Series of American minivans

The RT-platform Chrysler minivans are a series of passenger minivans marketed by Chrysler starting in model year 2008, the fifth in six generations of Chrysler minivans. Depending on the market, these vans were known as the Dodge Grand Caravan, Chrysler Town & Country, Chrysler Grand Voyager, Lancia Voyager, Ram Cargo Van, and the Volkswagen Routan, a modified version sold by Volkswagen in North America. Only long wheelbase models were offered with the Dodge Journey replacing the short wheelbase model.

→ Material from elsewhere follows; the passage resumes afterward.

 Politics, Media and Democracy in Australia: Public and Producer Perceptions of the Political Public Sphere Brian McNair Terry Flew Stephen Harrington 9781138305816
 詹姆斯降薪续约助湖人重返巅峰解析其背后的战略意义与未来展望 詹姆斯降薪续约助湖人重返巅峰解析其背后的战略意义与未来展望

While most versions were discontinued in 2016 with the launch of the Chrysler Pacifica minivan, the Grand Caravan remained in production until 2020. It was replaced by the sixth generation Chrysler Voyager (continuing under the Grand Caravan nameplate in Canada), a new entry-level model based on the existing Chrysler Pacifica minivan.

==Overview==
Chrysler debuted the 2008 model year minivans at the 2007 Detroit Auto Show — eliminating the short-wheelbase model. With discontinuation of the short-wheelbase minivans, Dodge offered the Journey on nearly an identical wheelbase and as a crossover rather than a minivan. Although the SWB model, which had accounted for half of all sales in Canada, cost approximately $2,000 less and offered a four-cylinder engine option with improved fuel economy, Chrysler executives stated the SWB Caravan was discontinued to accommodate new features offered in the Grand Caravan, consistent with the demands of the majority of the minivan market.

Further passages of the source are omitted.